2012 wurde sein Gesicht bei einem Unfall zermanscht, bei der Tour 2013 quetschte er sich die Lunge. Doch Tony Martin kämpft weiter. Bei der Straßenrad-WM in Florenz ist der Zeitfahrer die größte deutsche Medaillenhoffnung.

Von Johannes Knuth

Tony Martin wurde noch gefragt, wie er mit dem Druck umgehe, vor dem Einzelzeitfahren am Mittwoch bei der Straßenrad-Weltmeisterschaft. Die Frage nach dem Druck ist eine wichtige im Sport, der ehemalige Fußballtorwart Oliver hat die Thematik zu seinem Lebensthema ernannt: Kahn war lange beseelt vom Druck ("Er hat Kräfte freigesetzt"), dann betäubt ("Ich spüre den Druck vor lauter Druck nicht mehr"), am Ende geläutert ("Irgendwann ist das Rad überdreht").

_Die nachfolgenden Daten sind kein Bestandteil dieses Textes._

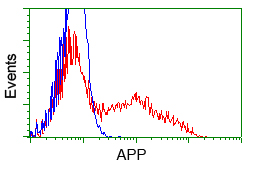 APP / Beta Amyloid Precursor Antibody - HEK293T cells transfected with either pCMV6-ENTRY APP (Red) or empty vector control plasmid (Blue) were immunostained with anti-APP mouse monoclonal, and then analyzed by flow cytometry.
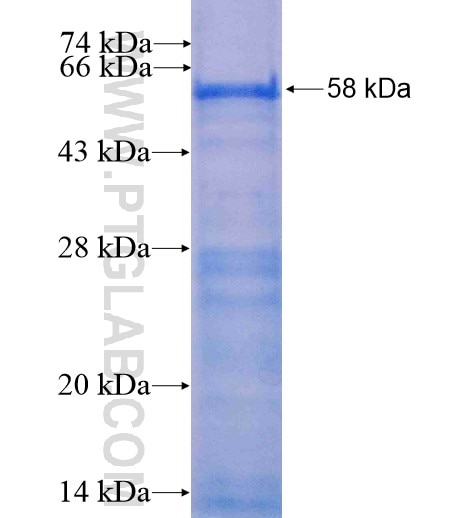 GPBP1L1 fusion protein Ag11316 SDS-PAGE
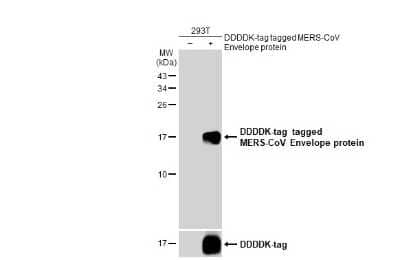 Western Blot: MERS-CoV Envelope Antibody [NBP3-13449] - Non-transfected (-) and transfected (+) 293T whole cell extracts (30 ug) were separated by 15% SDS-PAGE, and the membrane was blotted with MERS-CoV Envelope antibody (NBP3-13449) diluted at 1:5000. The HRP-conjugated anti-rabbit IgG antibody (NBP2-19301) was used to detect the primary antibody.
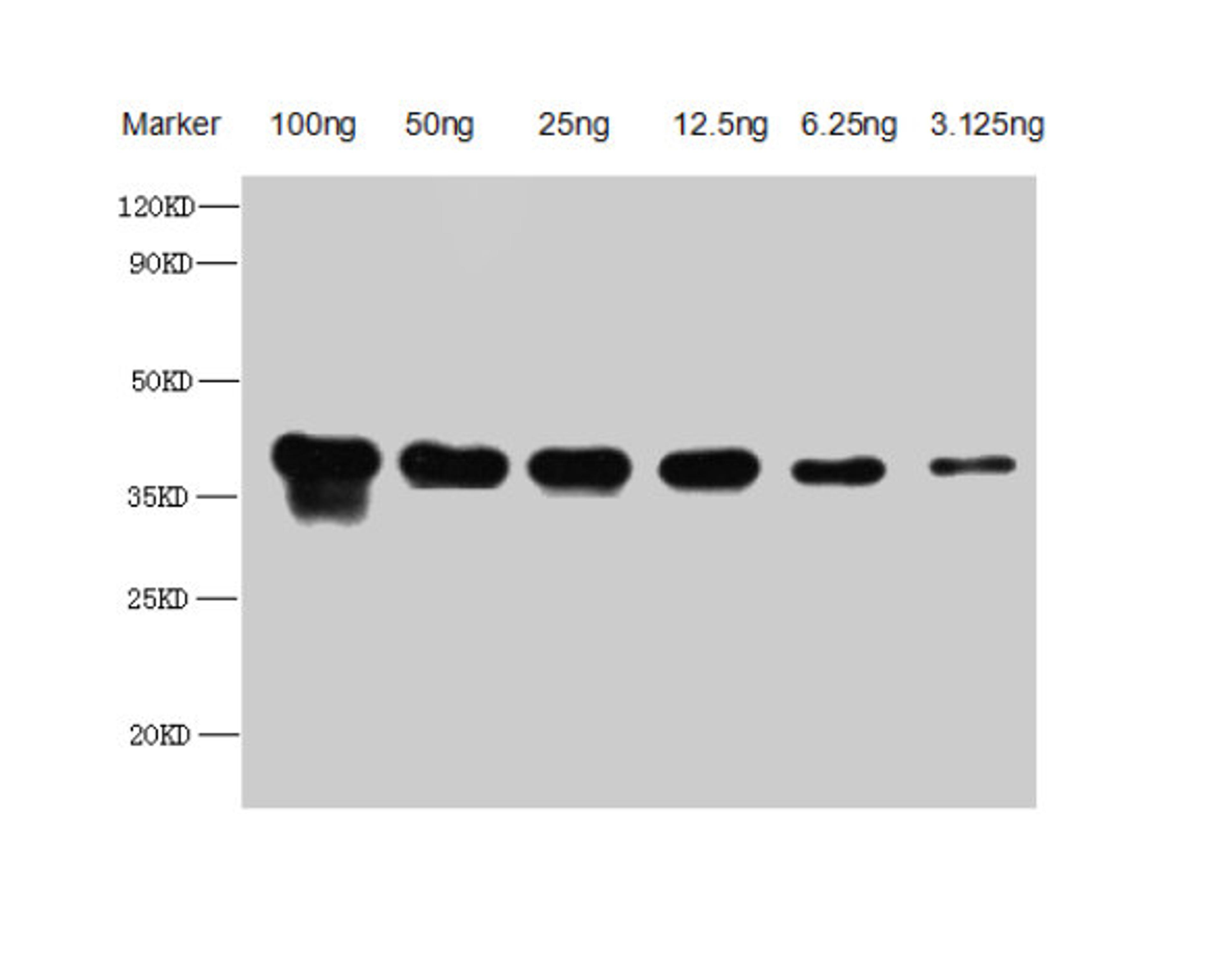 Western Blot. Positive WB detected in Recombinant protein. All lanes: Copper-metallothionein antibody at 1:2500. Secondary. Goat polyclonal to rabbit IgG at 1/50000 dilution. Predicted band size: 32.7 kDa. Observed band size: 35 kDa. 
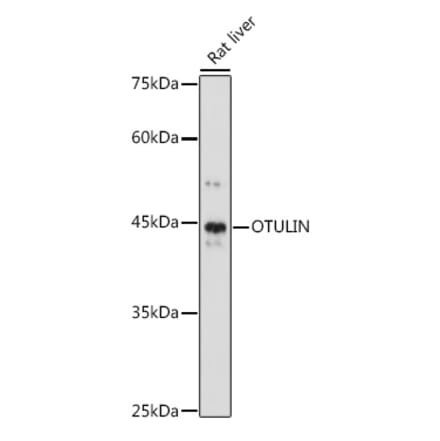 Western Blot - Anti-OTULIN Antibody (A305722) - Antibodies.com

Tony Martin hat über Druck gesprochen, er klang dabei fast wie ein junger Oliver Kahn: "Das pusht mich", sagte Martin, "das gibt mir den Grund, über mich hinauszuwachsen."

Es lastet derzeit eine Menge Druck auf dem Zeitfahrspezialisten Tony Martin, 28. Am Mittwoch ermitteln die besten Zeitfahrer ihren Weltmeister, auf 57,9 Kilometern zwischen Montecatini und Florenz. Martin war 2011 und 2012 Weltmeister, er ist wieder Favorit. Aber diesmal dürfte es schwerer werden als bei seinen beiden WM-Titeln zuvor. Die Weltspitze ist vollzählig vertreten, mit Fabian Cancellara (Schweiz) und Bradley Wiggins (Großbritannien), den beiden Olympiasiegern, dahinter lauern Taylor Phinney (USA), Richie Porte (Australien) und Bert Grabsch (Deutschland).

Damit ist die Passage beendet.